_TASK INSTRUCTIONS_
Please copy the data exactly as it stands, minus the images.

_DATA BELOW_
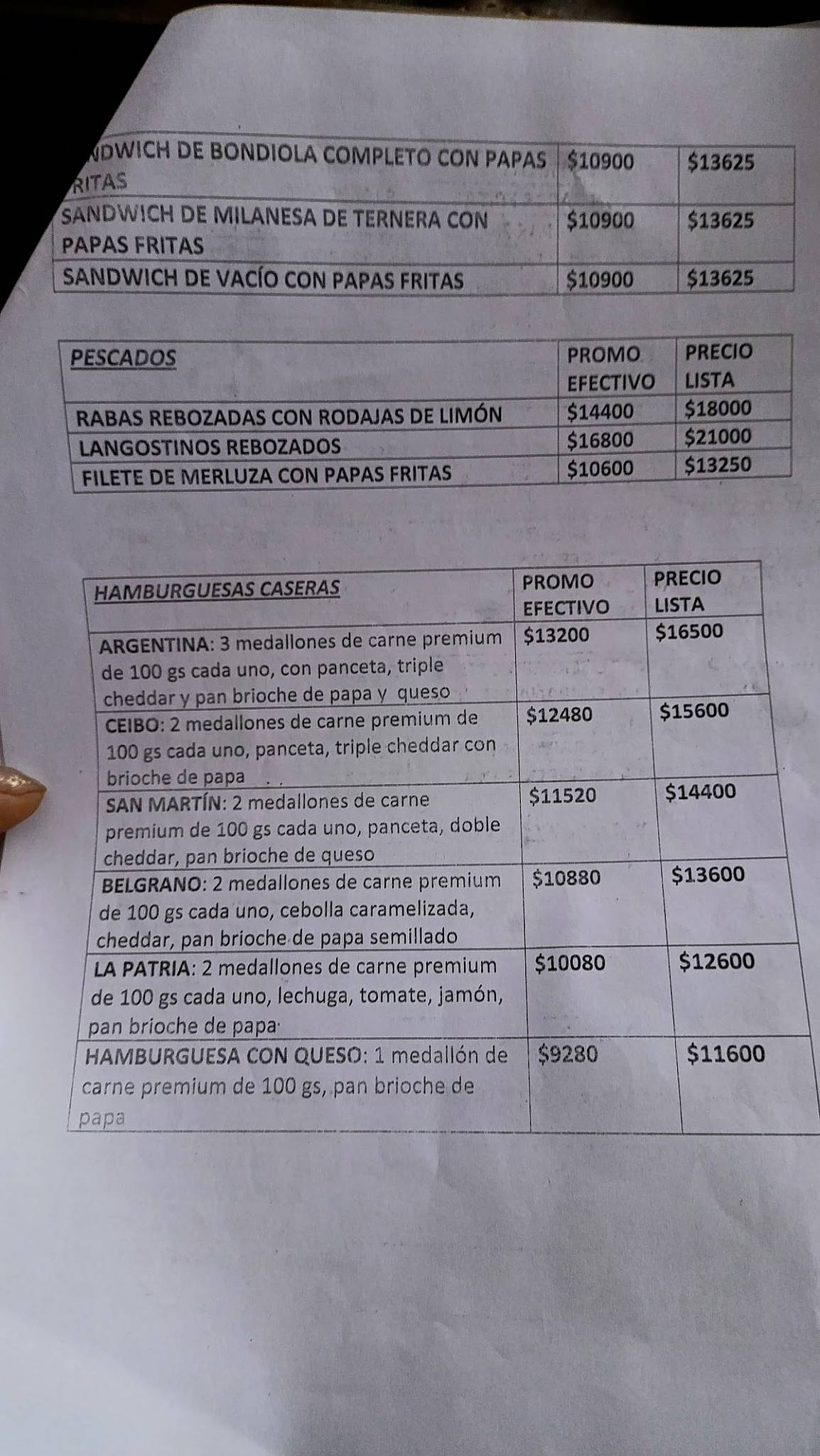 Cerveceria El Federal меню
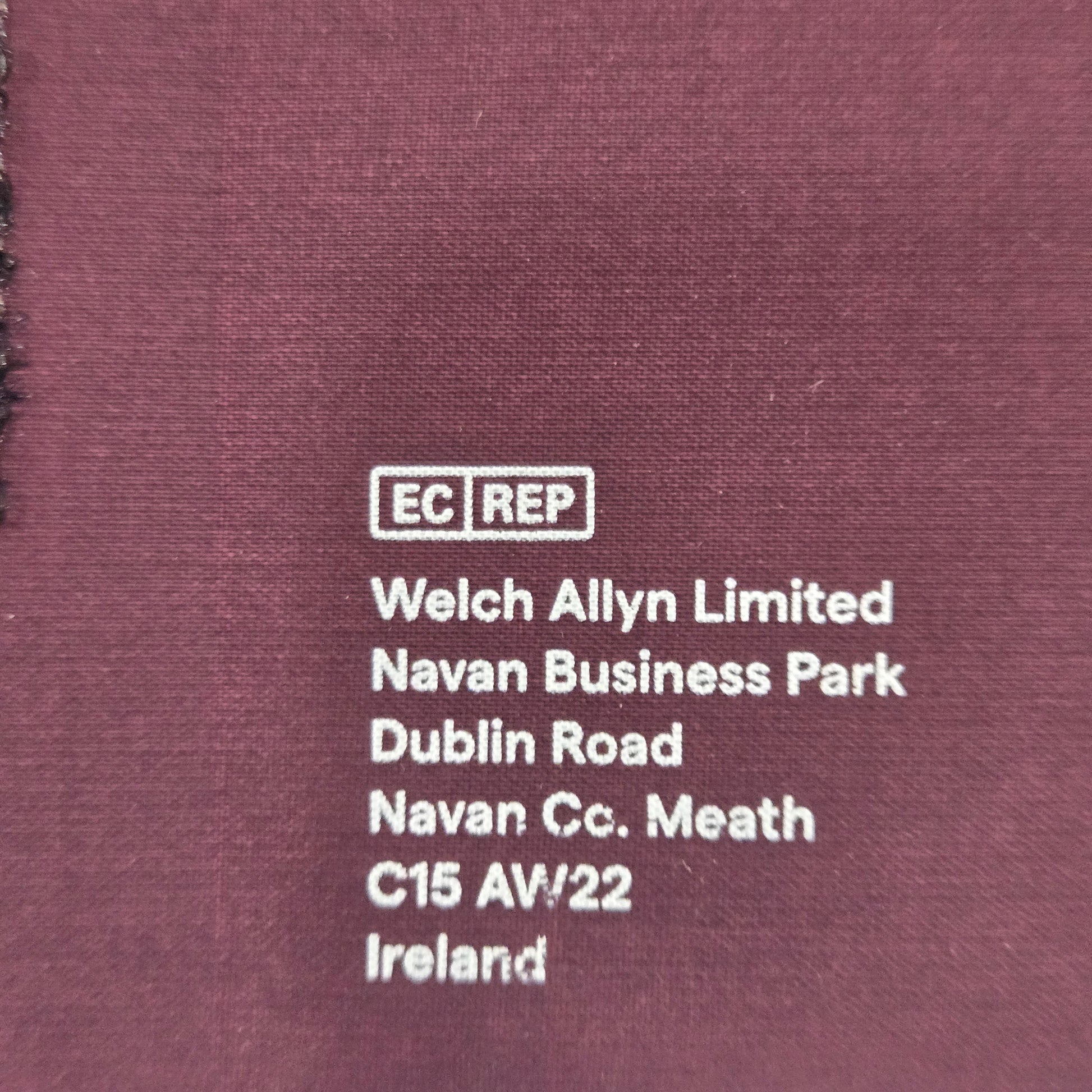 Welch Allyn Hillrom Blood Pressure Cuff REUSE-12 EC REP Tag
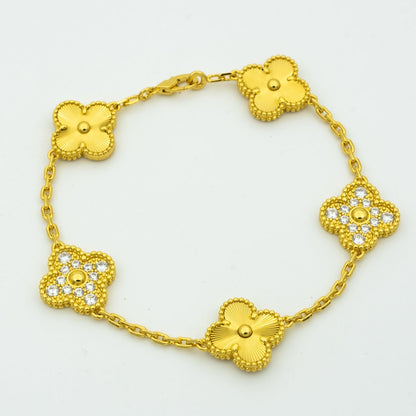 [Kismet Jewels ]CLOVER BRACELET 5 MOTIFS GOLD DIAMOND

_SOLVED EXERCISE_
 Cerveceria El Federal меню
 Welch Allyn Hillrom Blood Pressure Cuff REUSE-12 EC REP Tag
 [Kismet Jewels ]CLOVER BRACELET 5 MOTIFS GOLD DIAMOND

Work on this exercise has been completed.